What you should do: Taking only the lines of the data below from the line with "kitchen featuring dark" to the line with "11 Hildreth Drive", ends included, write them out exactly and without pictures.

Data for processing:
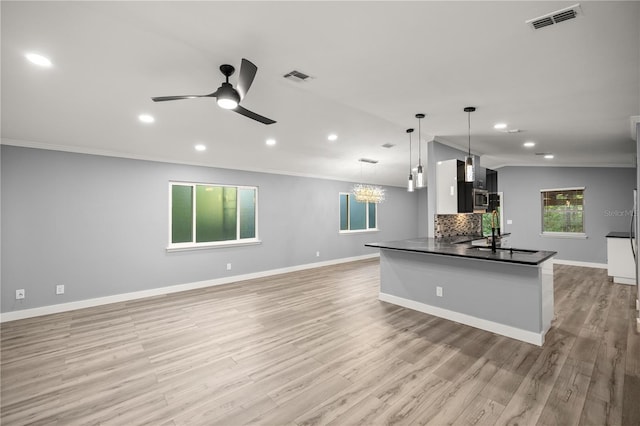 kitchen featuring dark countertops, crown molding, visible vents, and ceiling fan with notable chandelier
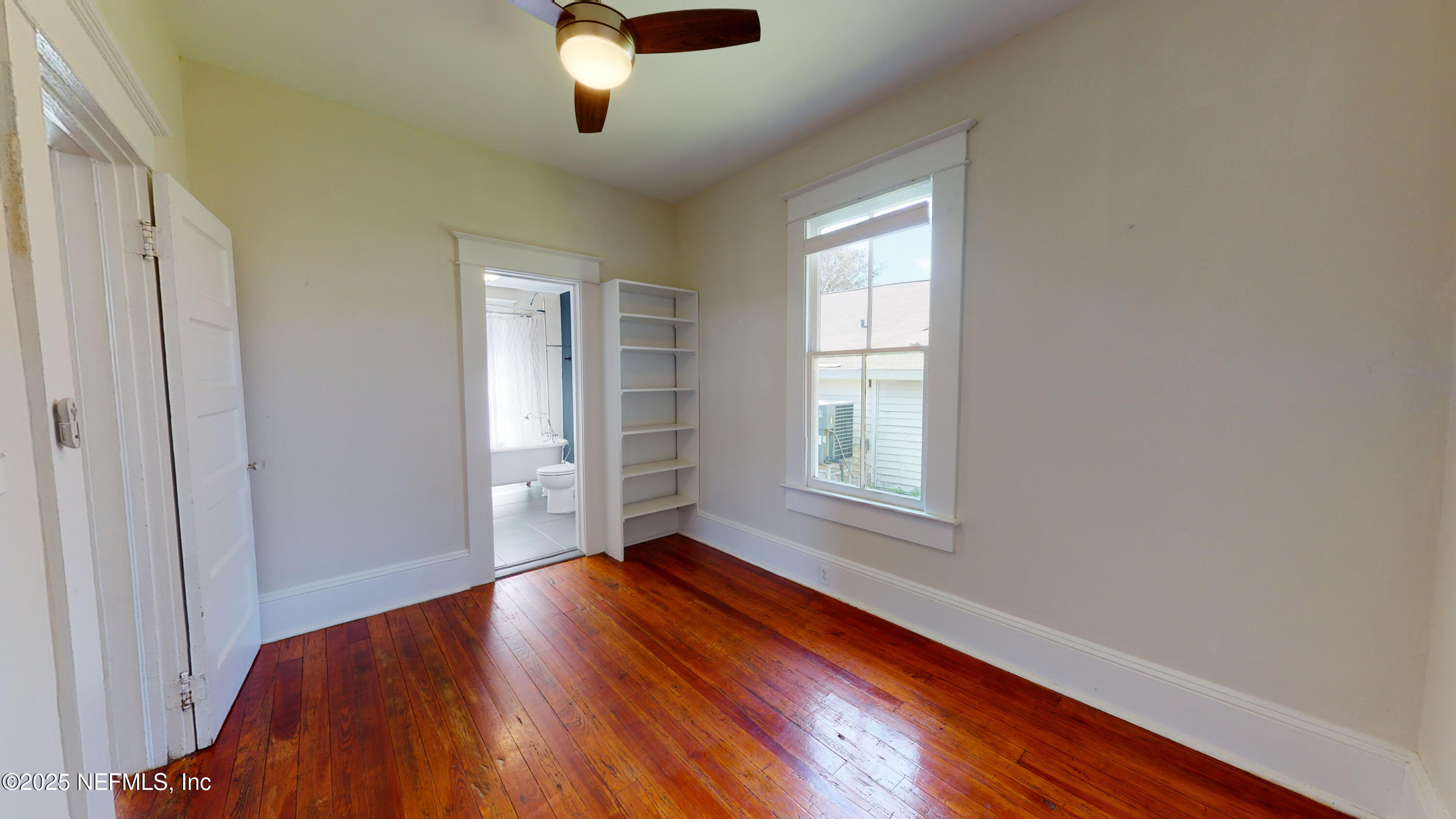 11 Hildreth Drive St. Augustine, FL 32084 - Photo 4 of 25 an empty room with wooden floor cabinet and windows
---
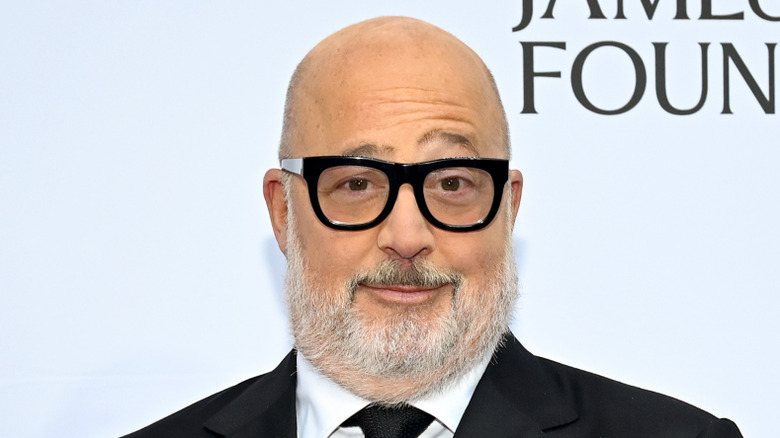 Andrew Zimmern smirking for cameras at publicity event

Response area:
 kitchen featuring dark countertops, crown molding, visible vents, and ceiling fan with notable chandelier
 11 Hildreth Drive St. Augustine, FL 32084 - Photo 4 of 25 an empty room with wooden floor cabinet and windows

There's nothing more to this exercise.